According to him, all of the sightings and descriptions matched up almost perfectly with a sandhill crane.
It stands about five feet tall.
It has around a seven to ten foot wingspan, and it has this bright red flesh around its eyes that would probably look like glowing red eyes if you shined a bright light on him.
He even goes on to say that somebody who has never seen something like the Sand Hill crane before could easily get the impression that it is a man.
car lights would cause the bare skin to reflect as big circles around the eyes.

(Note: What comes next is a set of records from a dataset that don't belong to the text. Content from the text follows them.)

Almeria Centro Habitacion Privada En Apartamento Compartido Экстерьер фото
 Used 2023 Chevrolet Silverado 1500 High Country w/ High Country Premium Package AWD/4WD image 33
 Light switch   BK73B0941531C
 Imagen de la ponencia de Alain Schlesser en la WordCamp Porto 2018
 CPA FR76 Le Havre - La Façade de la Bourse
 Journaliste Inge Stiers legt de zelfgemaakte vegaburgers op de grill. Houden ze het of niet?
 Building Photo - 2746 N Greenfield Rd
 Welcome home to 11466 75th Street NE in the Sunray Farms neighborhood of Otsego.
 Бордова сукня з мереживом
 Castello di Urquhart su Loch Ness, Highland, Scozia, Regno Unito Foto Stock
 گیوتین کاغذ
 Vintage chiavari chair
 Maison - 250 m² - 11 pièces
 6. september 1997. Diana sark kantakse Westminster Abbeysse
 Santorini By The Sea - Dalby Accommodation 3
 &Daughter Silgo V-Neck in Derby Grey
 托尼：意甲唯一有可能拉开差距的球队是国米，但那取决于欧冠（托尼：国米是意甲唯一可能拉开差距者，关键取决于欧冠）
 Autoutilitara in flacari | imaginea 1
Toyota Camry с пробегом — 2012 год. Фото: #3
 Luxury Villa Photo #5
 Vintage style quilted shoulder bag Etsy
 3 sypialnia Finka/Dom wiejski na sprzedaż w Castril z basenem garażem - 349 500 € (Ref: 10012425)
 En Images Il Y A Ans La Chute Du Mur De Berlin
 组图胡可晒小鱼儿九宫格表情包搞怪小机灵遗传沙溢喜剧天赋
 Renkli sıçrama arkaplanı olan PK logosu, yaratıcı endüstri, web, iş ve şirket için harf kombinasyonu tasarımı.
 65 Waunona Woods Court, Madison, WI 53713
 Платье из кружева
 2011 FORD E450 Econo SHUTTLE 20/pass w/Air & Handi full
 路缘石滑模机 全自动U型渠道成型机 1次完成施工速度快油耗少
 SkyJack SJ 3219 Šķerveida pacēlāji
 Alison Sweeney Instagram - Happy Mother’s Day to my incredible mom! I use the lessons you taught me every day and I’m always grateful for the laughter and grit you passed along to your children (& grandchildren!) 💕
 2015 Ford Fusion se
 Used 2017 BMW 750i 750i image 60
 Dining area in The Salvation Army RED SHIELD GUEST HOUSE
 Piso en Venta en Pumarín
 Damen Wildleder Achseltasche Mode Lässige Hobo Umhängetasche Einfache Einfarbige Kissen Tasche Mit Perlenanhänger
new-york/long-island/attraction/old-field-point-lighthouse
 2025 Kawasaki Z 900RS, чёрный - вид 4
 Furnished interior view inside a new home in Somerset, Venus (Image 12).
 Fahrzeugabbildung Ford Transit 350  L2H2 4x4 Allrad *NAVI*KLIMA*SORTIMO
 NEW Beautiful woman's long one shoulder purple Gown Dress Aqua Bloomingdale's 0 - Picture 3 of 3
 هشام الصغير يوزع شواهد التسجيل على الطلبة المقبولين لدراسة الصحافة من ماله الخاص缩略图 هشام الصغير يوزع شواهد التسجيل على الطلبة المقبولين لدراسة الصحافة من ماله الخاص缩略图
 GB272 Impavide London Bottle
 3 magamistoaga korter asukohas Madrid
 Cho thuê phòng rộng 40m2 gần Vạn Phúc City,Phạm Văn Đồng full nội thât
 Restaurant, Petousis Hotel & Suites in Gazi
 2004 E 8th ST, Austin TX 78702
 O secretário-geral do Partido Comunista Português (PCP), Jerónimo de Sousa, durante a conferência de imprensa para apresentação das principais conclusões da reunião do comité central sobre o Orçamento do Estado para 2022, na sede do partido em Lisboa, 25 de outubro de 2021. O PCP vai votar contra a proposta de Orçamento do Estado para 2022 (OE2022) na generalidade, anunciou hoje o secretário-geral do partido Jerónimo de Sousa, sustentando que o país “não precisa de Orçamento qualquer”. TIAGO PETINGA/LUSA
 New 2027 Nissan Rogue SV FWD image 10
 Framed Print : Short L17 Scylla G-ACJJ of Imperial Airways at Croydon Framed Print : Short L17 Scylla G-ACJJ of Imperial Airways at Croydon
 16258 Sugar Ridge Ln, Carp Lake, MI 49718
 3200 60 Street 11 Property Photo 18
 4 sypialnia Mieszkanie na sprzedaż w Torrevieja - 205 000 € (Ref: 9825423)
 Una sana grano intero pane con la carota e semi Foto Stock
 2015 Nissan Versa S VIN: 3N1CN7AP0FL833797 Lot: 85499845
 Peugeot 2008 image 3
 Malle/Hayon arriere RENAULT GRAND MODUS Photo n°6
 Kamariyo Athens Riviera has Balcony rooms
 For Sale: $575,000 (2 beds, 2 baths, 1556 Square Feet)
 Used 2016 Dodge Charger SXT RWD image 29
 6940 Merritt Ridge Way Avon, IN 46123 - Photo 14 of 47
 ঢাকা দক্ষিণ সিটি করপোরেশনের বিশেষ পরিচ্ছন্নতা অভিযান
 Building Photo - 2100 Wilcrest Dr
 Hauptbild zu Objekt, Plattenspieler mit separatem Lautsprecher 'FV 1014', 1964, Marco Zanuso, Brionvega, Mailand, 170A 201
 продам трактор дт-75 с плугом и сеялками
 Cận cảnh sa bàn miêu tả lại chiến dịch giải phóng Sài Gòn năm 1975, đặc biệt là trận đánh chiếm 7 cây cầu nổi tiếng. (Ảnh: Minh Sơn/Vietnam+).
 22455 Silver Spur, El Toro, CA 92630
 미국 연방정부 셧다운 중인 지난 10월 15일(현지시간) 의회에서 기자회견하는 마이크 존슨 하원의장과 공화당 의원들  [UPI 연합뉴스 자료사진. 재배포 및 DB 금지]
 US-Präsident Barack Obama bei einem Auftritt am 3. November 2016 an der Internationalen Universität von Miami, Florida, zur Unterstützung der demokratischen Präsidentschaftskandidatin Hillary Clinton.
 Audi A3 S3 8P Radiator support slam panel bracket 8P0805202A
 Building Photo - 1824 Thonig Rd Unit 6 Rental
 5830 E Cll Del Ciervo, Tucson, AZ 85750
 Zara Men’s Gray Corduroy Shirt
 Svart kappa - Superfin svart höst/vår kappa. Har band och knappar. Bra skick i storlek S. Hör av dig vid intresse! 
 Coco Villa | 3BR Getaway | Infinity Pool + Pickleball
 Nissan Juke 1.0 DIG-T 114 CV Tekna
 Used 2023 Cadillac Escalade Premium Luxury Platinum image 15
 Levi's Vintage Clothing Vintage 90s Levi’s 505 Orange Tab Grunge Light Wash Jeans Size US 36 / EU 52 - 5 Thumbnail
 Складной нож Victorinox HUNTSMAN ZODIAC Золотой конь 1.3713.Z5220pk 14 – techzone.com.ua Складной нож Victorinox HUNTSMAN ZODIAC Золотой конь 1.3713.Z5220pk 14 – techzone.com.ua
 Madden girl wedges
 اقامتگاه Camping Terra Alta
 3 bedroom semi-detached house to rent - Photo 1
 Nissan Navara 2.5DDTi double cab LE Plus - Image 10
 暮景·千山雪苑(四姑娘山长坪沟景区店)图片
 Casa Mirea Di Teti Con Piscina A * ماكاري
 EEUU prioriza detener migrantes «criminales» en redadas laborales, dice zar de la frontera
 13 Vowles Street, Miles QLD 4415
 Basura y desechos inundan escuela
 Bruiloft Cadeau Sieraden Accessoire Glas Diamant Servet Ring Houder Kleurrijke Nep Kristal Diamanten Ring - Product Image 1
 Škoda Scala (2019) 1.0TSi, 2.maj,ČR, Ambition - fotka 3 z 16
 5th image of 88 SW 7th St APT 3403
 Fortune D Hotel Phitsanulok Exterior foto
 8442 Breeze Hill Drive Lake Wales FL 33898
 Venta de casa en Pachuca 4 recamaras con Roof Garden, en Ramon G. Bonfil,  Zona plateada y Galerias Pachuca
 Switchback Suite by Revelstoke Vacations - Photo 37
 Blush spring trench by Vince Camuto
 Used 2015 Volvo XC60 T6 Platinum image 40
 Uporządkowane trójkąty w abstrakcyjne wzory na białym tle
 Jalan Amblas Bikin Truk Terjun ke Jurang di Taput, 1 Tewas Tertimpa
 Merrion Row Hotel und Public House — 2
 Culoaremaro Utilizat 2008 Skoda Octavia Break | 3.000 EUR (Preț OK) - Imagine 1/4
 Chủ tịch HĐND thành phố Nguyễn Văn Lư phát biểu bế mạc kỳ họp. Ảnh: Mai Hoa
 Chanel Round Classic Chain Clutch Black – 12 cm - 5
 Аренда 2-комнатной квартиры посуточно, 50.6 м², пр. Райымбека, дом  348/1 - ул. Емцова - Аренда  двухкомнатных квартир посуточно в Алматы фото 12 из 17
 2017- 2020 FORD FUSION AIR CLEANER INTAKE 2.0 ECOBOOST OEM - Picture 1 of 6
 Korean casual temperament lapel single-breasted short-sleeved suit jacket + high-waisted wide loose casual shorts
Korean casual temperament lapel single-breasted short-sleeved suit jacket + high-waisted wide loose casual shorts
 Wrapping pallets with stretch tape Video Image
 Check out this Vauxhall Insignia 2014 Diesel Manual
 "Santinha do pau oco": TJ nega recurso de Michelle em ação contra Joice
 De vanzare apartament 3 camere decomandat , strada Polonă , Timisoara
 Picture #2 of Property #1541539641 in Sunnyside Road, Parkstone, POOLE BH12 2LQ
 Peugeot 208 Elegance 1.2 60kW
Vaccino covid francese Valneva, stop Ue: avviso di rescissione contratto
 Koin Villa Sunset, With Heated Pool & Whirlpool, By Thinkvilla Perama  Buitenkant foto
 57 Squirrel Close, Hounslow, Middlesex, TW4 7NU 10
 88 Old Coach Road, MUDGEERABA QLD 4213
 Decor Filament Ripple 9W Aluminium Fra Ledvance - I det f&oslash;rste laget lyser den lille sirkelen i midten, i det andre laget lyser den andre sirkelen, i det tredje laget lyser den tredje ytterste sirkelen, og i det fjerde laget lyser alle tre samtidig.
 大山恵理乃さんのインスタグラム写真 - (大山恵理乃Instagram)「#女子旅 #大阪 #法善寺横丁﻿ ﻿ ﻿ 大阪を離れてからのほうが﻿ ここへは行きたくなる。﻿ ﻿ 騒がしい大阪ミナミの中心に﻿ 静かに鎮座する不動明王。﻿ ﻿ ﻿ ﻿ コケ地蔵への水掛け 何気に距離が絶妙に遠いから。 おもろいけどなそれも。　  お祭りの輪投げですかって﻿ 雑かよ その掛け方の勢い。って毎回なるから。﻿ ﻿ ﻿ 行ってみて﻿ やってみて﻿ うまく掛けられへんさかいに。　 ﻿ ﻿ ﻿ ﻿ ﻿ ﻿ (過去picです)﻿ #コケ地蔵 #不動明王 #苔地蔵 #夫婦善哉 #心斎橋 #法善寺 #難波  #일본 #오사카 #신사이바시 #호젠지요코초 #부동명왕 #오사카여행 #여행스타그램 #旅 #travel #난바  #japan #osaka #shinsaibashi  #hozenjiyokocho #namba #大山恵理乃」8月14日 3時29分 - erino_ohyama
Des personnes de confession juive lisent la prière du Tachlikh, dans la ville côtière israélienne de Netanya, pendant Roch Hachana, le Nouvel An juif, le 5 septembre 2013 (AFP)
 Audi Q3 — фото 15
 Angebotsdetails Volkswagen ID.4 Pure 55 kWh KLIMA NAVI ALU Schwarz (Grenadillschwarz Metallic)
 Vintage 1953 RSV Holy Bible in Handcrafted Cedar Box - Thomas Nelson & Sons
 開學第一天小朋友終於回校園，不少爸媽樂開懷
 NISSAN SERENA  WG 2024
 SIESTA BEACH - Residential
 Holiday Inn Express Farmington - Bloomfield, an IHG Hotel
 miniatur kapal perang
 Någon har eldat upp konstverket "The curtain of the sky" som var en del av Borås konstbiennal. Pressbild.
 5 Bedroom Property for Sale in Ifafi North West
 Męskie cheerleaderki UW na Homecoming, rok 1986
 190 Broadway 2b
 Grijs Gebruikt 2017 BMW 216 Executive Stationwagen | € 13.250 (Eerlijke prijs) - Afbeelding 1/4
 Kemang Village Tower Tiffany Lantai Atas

There's even some explanation to what Newell Patrick might have heard in his sighting,
and potentially what happened to poor little bandit.
So when Newell heard the humming and the buzzing,
he could have been hearing the cry of this crane.
Other sightings had reported sort of an eerie, loud cry.
which also matches up with the sort of weird, loud, high-pitched cry of the Sand Hill Crane,
which Dr. Smith referred to as a taunting trumpet from the underworld,
which I think is a little dramatic.
No, no, that's incredible.
I want to refer to things as taunting trumpets from the underworld from now on.
Yeah, the taunting trumpet from the underworld.
And the good doctor also said that the...
sandhill crane is normally harmless if left alone, but if it feels like it's in danger,
it has a razor-sharp beak that it will use to defend itself. In the article I found,
it specifically states that the sandhill crane has hurt and killed many a hunting dog with it.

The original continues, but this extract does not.